Another disappointment this week. Assassin's Creed was originally slated for this month for the PC. So I saved my 60.00 and went off to the store to see if this machine can handle it. It is not out. It is now due out in March of next year.
So instead I spent 35.00 and reassessed my desire for the game. Of course now it will be bigger, better and require more hardware. And that is the state of gaming. Gone are the days of companies that came out with great games like Thief, Eye of the Beholder and Lands of Lore. Beautiful graphics, great story and good game play. Instead everything must be online, interactive and require more hardware, different o/s's and twenty tweaks. I sit here with games I would love to play but in this economy cannot justify upgrading the machine just to play a game. What starts out as a 60.00 purchase becomes 260.00 or more by the time you get the latest graphics cards, sound cards, and RAM needed for this generation of games. Games that in my opinion are no more exciting than those mentioned previously that ran on less of a machine.(2MB ram, 486 processor or less and 1MB or more hd space.)
Why? Perhaps that should be the big change made in the industry. Set machine specs before the project starts and hold the developers to them. Set them so they run on a machine that is one back from the state of the art. Why? Because delays in the production of a product point to issues in the industry which means low profits. Low profits mean people are not buying games. If the industry is losing money perhaps they need to poll their player base and not rely on the propaganda put forth by marketing sites and what they claim. Sure I would love a 7,000.00 machine just for games, but honestly it was a chore getting a 600.00 one.
Yes I am one voice. One buyer one gamer. But I plan what I will buy and save for it. So do others. When it turns out I cannot run it on the equipment I have, I move on. Even Guild Wars seems to have made changes to the old game so that now some areas lock and freeze due to graphics issues, areas I made it through before on this machine on dial up even. Overlord for the Wii pushed the limits of the machine. That still blows my mind. It was MADE for a console with very definite specs, yet there were still points when the graphics overwhelmed the machine.
So if anyone in the industry truly listens, which I am doubting more and more.

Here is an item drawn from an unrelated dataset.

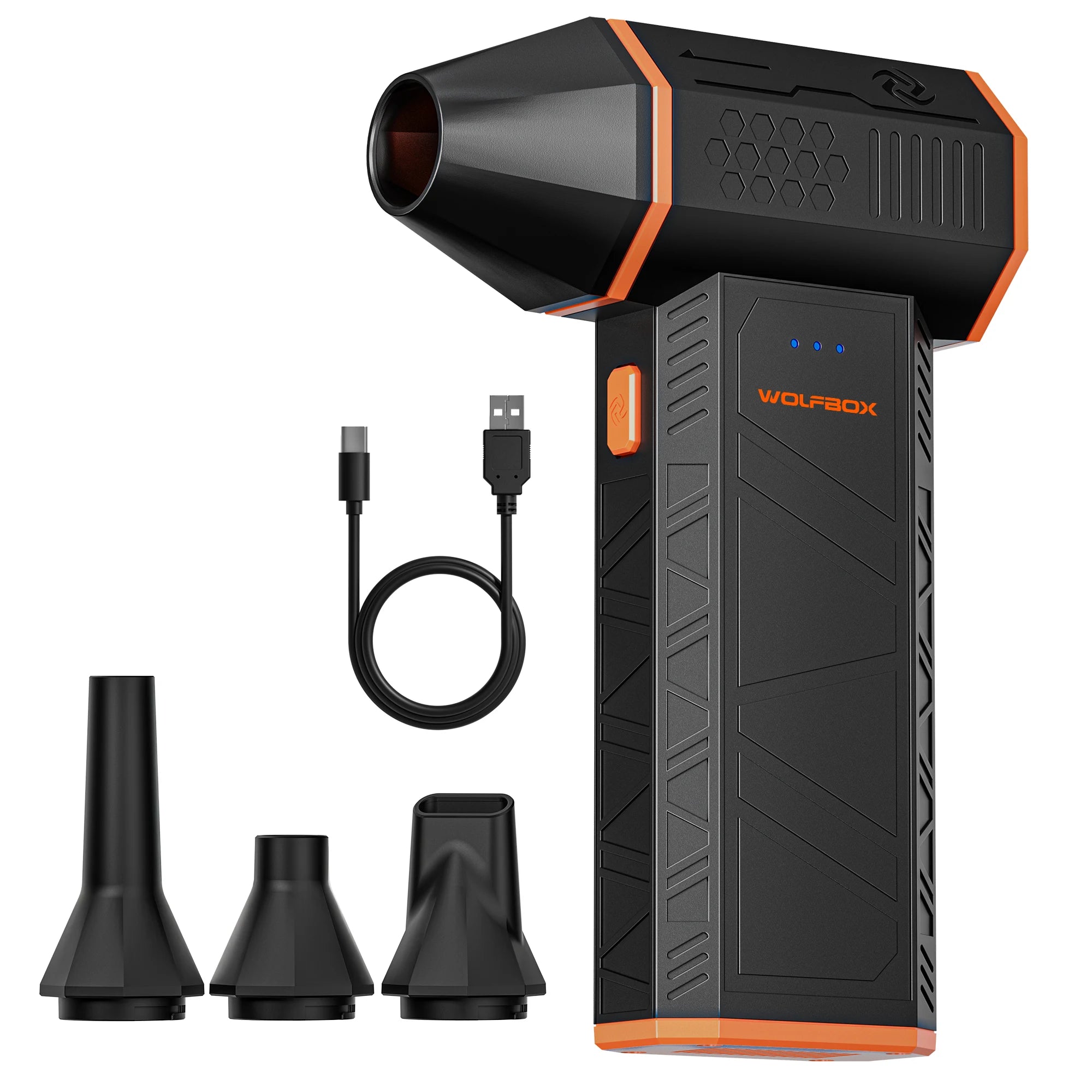 WOLFBOX MF50 Electric Air Duster Air Blower-110000RPM Super Power, Rechargeable 3-Gear Brushless Motor for Car/PC/Home/Outdoor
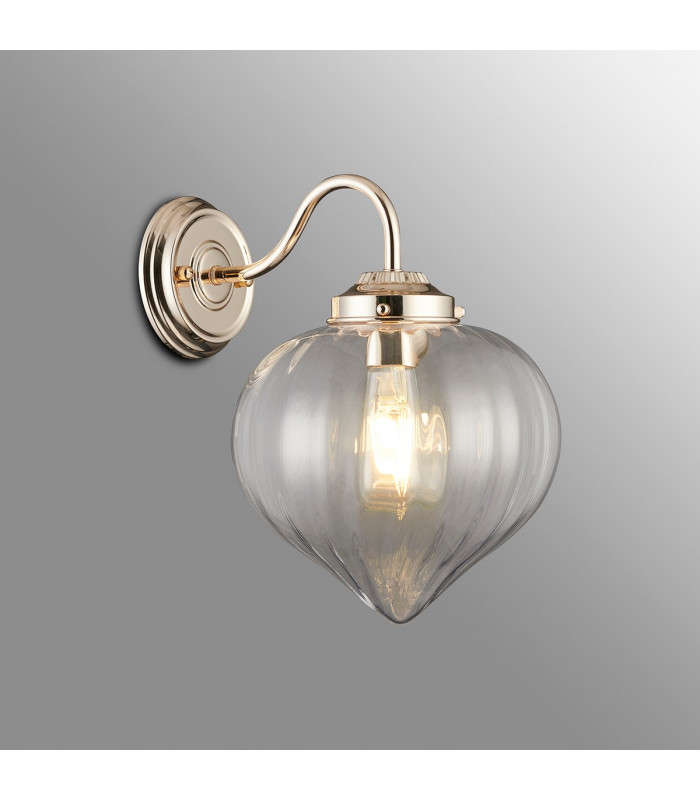 Afton Wall Light Flower Bud Shade 1 x E27 French Gold/Clear-3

Here is a suggestion. Go to the gaming sites incognito. READ and I mean READ the forums regarding installation and issues with games. See what people truly complain about. Look at what they are really running for a machine. Not what they want, not what they drool over, but rather what they have now.
Delays are acceptable if it results in a good game that anyone can run on their system. Delays are fine if the game is worth it. But tell your marketing group to lose the hype. We are tired of all the sound and fury about airware. Too much hype leads to disappointment and disappointment leads to money going elsewhere.
Oh and on what did I spend my 35.00? 2 games - Trine for the PC and a used copy of Baroque for the Wii. Sorry guys someone else got the money I had planned for Assassin's Creed, because they had the games in the store for systems I have.